To convert one character flavor to another, you in general need a lookup table or some other means to convert each character from one type to the other — change representation, but keep the meaning. Likewise, to convert a French book into an English book, you need to use a big lookup table a.k.a. dictionary... well, the analogy breaks here, because there's no formal set of conversion rules, you need to be creative! But you get the idea.
The rules of C++ actually prohibit such casts. You can only cast an object type poiner to void*, and only use the result to cast it back to the original object type. Everything else is a no-no (unless you are willing to venture in the realm of undefined behavior).
So what should you do?
Pick one character variant and stick to it.
If you must convert between flavors, do so with a library function.
Try to avoid pointer casts, they almost always signal trouble.
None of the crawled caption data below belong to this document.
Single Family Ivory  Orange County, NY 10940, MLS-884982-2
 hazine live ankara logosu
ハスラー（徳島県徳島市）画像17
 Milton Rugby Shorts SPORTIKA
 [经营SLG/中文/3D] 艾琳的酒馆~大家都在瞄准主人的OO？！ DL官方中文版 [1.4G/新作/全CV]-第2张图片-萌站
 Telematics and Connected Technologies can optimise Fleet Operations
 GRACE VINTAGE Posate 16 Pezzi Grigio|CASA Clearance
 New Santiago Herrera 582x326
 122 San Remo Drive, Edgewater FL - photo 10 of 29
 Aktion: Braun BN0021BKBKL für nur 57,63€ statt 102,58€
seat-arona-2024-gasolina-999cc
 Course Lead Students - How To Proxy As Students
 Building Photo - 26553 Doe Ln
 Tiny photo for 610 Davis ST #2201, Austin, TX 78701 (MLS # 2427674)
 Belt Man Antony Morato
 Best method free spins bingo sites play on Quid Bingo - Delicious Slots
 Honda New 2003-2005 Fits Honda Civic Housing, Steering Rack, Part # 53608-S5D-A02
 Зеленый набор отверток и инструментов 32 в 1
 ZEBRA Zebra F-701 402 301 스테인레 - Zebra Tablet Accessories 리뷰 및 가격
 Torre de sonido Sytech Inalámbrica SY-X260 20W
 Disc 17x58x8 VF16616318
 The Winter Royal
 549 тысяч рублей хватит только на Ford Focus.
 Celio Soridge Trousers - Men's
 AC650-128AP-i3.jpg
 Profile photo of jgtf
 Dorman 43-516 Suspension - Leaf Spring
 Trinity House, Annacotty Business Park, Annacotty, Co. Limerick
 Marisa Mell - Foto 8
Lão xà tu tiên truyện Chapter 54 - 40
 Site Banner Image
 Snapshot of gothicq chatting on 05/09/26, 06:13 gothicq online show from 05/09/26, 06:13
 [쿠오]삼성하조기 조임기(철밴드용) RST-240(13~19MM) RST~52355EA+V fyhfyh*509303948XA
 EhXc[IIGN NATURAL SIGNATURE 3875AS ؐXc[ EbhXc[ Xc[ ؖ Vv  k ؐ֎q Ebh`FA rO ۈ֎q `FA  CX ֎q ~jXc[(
I think what you're looking for is
LPTSTR lpName[1] = {_T("Setup")};
The various typedefs with a T in them (e.g. TSTR, LPTSTR) are dependant on whether you use unicode or multi-byte or whatever else. By using these, you should be able to write code that work in whatever encoding you are using (i.e., tomorrow you could switch to ascii, and a large portion of your code should still work).
Edit
If you are in situation where you really must convert between encodings, then there are various conversion functions available, such as wcstombs (or microsoft's documentation) and mbstowcs. These are defined in <cstdlib>